### Goal of the exercise
A faithful repeat of all the records, with no image kept, is the required answer.

-------------------------

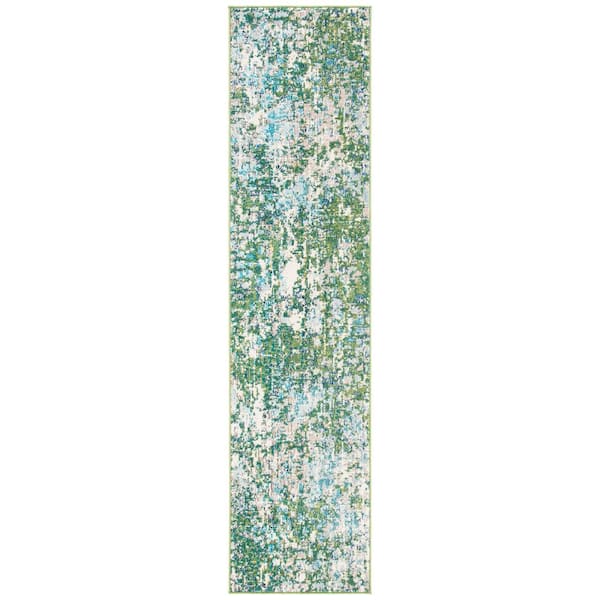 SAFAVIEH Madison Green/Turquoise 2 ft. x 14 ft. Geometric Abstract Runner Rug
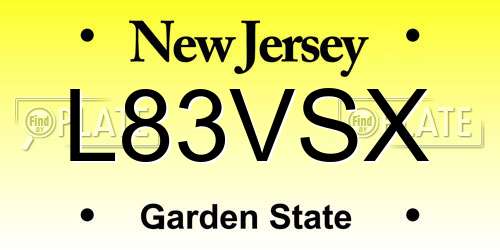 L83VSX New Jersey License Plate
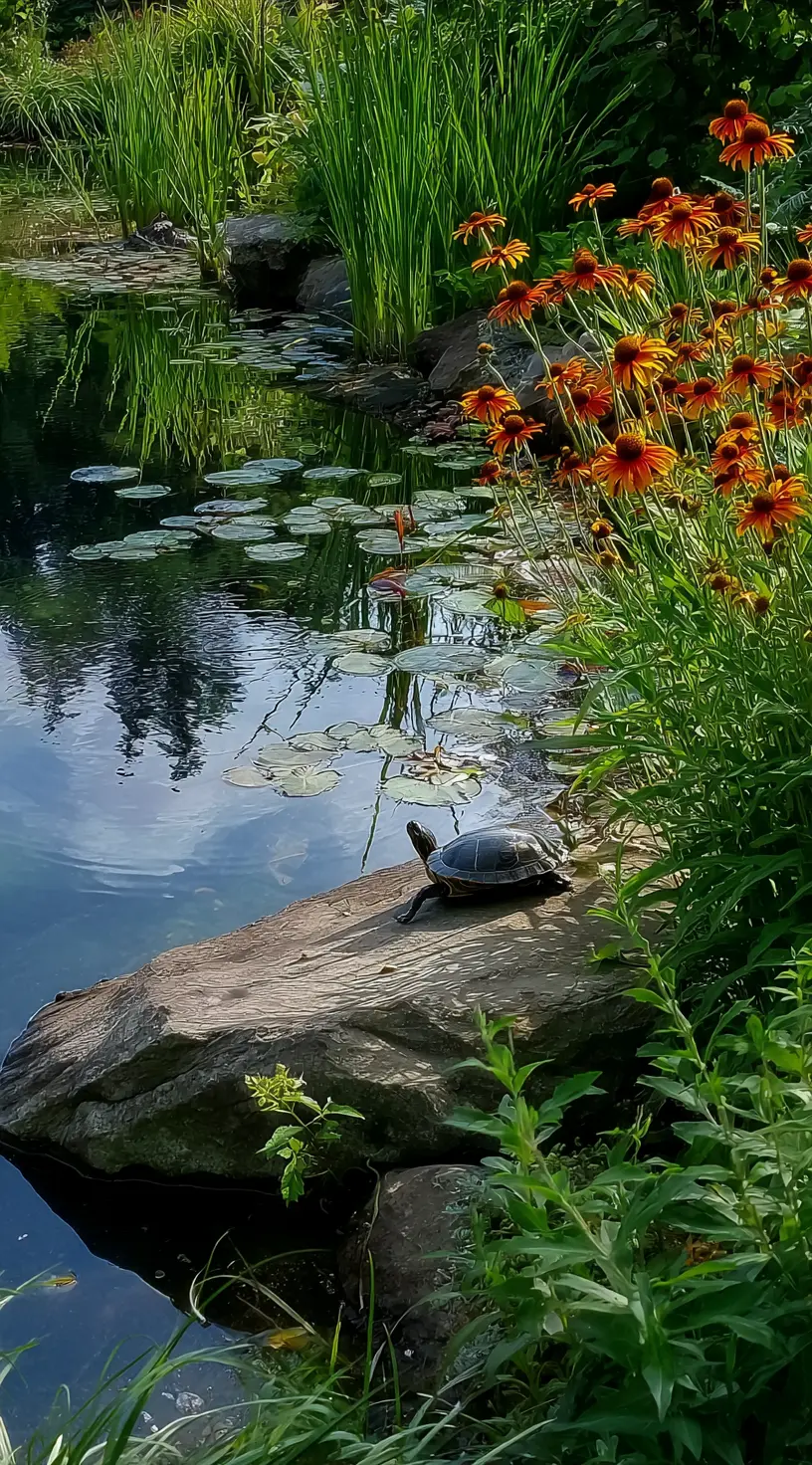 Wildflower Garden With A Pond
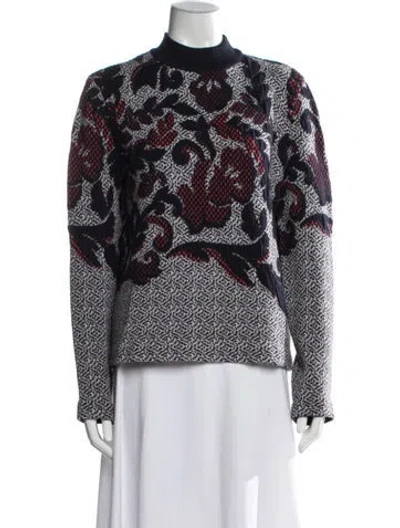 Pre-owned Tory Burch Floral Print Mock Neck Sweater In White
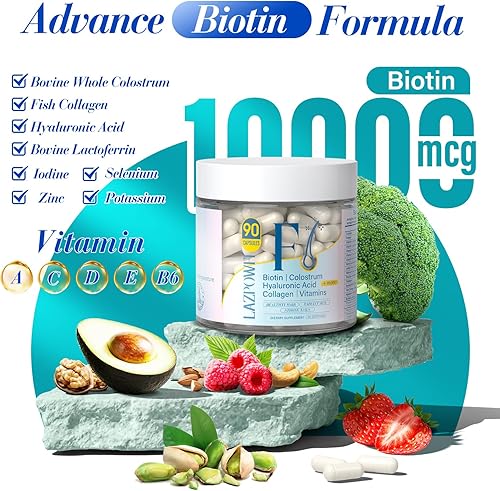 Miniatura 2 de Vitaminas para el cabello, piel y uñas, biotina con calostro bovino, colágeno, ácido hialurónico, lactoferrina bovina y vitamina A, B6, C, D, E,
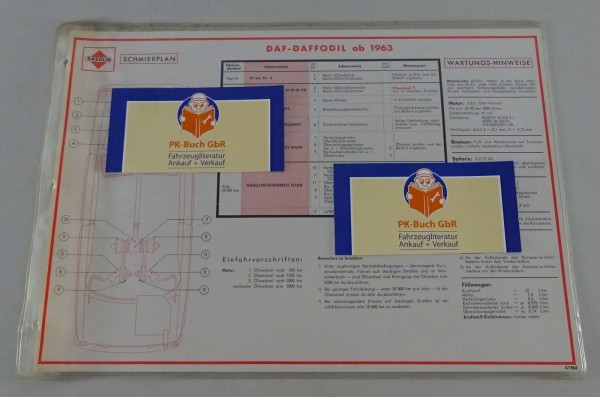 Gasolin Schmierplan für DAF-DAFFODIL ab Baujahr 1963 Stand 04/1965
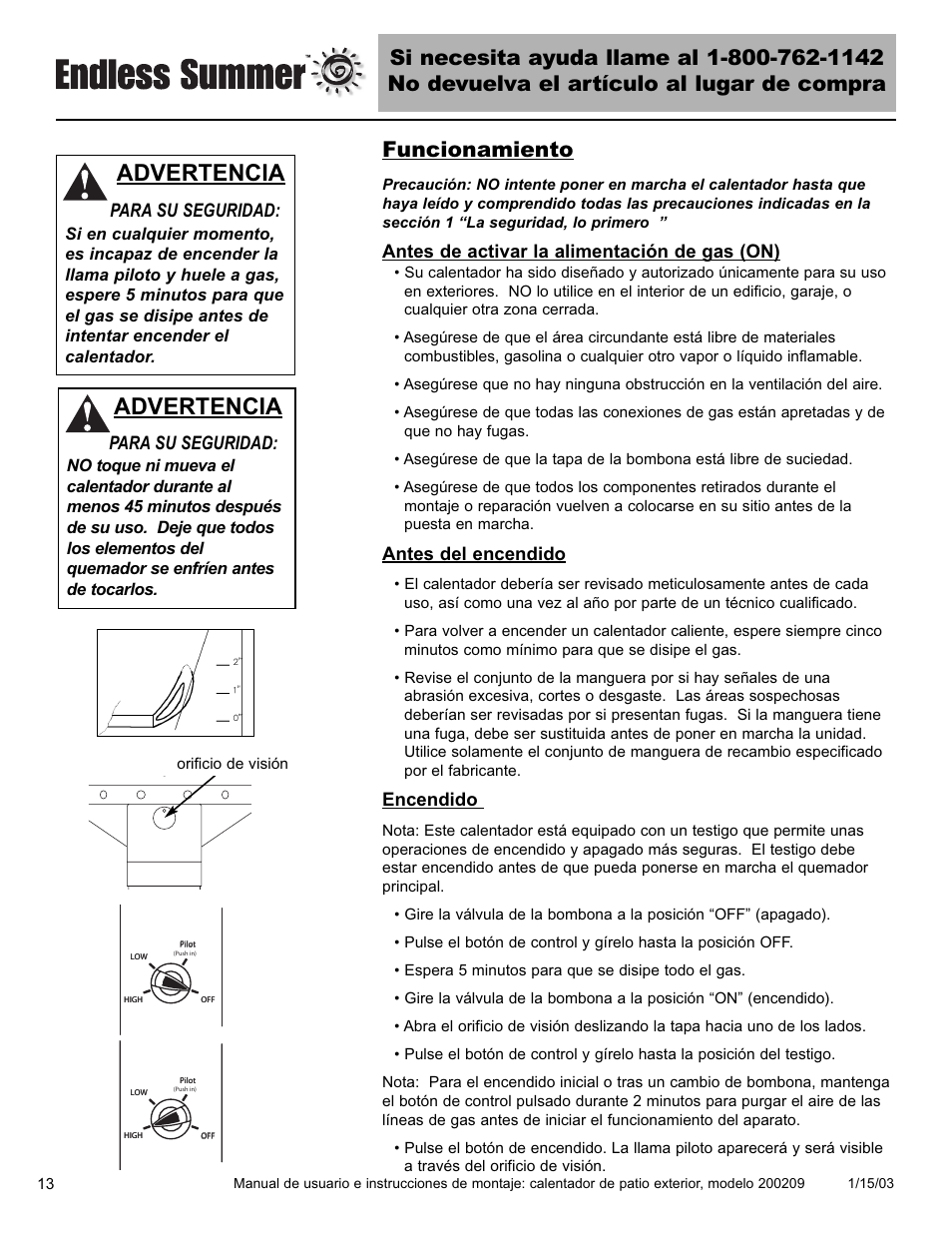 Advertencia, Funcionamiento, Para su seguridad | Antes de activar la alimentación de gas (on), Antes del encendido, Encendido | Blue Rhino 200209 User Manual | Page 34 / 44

-------------------------

### Answer for this exercise
 SAFAVIEH Madison Green/Turquoise 2 ft. x 14 ft. Geometric Abstract Runner Rug
 L83VSX New Jersey License Plate
 Wildflower Garden With A Pond
 Pre-owned Tory Burch Floral Print Mock Neck Sweater In White
 Miniatura 2 de Vitaminas para el cabello, piel y uñas, biotina con calostro bovino, colágeno, ácido hialurónico, lactoferrina bovina y vitamina A, B6, C, D, E,
 Gasolin Schmierplan für DAF-DAFFODIL ab Baujahr 1963 Stand 04/1965
 Advertencia, Funcionamiento, Para su seguridad | Antes de activar la alimentación de gas (on), Antes del encendido, Encendido | Blue Rhino 200209 User Manual | Page 34 / 44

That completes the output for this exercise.